● What needs to be done
How do the lines below between the ones holding "MEXEN/S Velar L" and "Spring Rock Garden", inclusive, read? Give them again exactly, with no other lines.

● Extracted material
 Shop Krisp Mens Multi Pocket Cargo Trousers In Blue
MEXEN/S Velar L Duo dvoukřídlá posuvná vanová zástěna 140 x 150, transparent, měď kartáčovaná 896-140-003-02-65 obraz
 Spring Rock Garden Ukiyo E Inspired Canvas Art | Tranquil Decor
* * *
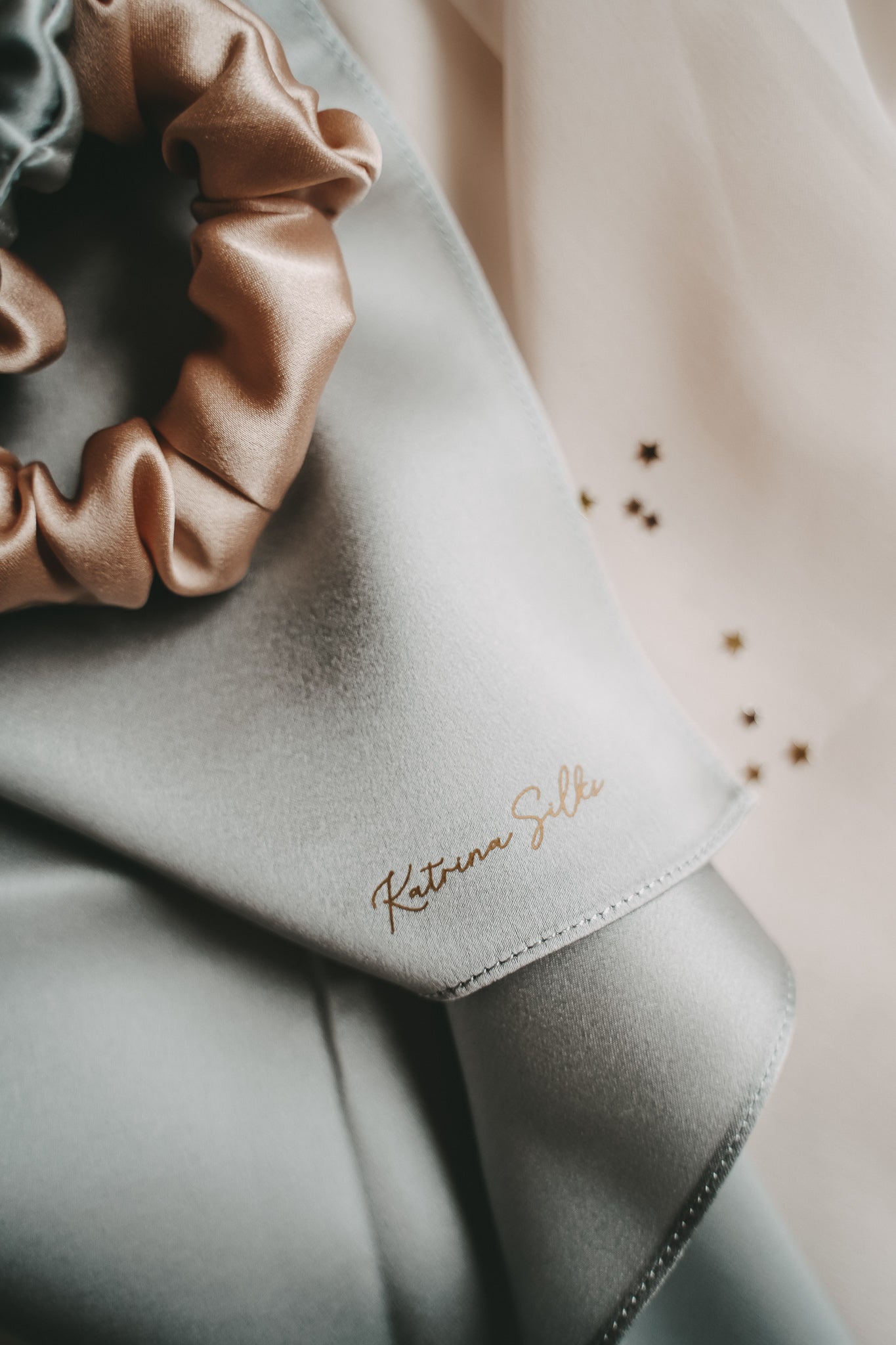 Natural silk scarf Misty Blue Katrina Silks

● Written reply
MEXEN/S Velar L Duo dvoukřídlá posuvná vanová zástěna 140 x 150, transparent, měď kartáčovaná 896-140-003-02-65 obraz
 Spring Rock Garden Ukiyo E Inspired Canvas Art | Tranquil Decor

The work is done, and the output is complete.